Global perspective Human stories

Women preparing for UN Great Lakes summit call for better rights protection

Women preparing for UN Great Lakes summit call for better rights protection

With women in Africa's Great Lakes region comprising both a regional majority and the more vulnerable group on many fronts, their representatives have called on governments in the area to establish a Truth and Reconciliation Commission to address gender-based crimes and other rights violations.

The delegates to the third and final Specialized Group Meeting, held in Kigali, Rwanda, on Sunday represented seven of the 11 countries participating in next month's International Conference of the Great Lakes Region, which was proposed by UN Secretary-General Kofi Annan.

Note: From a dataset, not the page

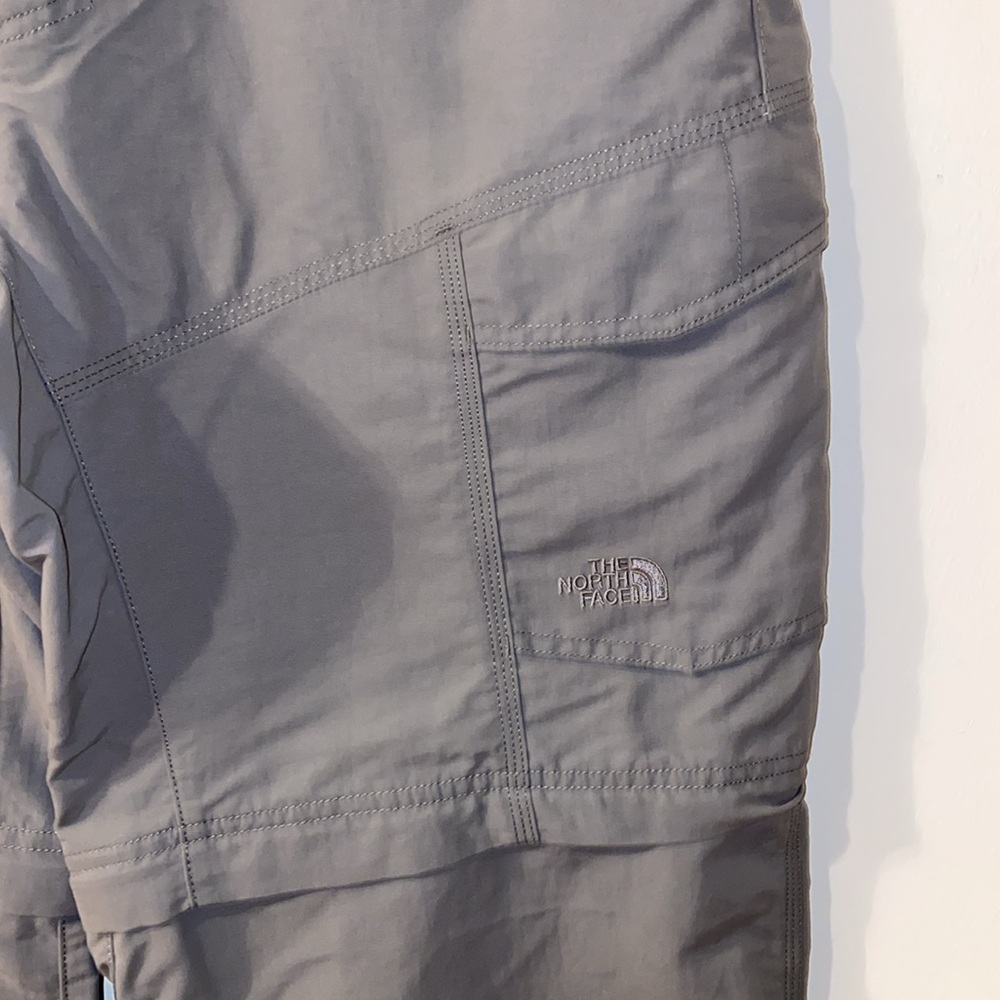 The North Face Mens Cargo Utility Convertible Pants Size Large - Picture 4 of 16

Present at the meeting were women from the host country, Rwanda, as well as Burundi, the Democratic Republic of the Congo (DRC), Kenya, Tanzania, Uganda and Zambia, according to the office of Mr. Annan's Special Representative for the Great Lakes Region.

Their recommendations called for legislation to protect and uphold the human rights and dignity of women and girls, concrete measures to find and punish perpetrators of such crimes against humanity as rape and other gender-based violence, and programmes to end ethnic prejudice and exclusion.

The meeting also wanted the Great Lakes Regional Women's Forum institutionalized to monitor the Conference process and to serve as an instrument for conflict resolution.

The two previous Specialized Group Meetings covered youth issues in Kampala, Uganda, and those related to non-governmental organizations (NGOs) in Arusha, Tanzania. The summit will take place in Tanzania next month.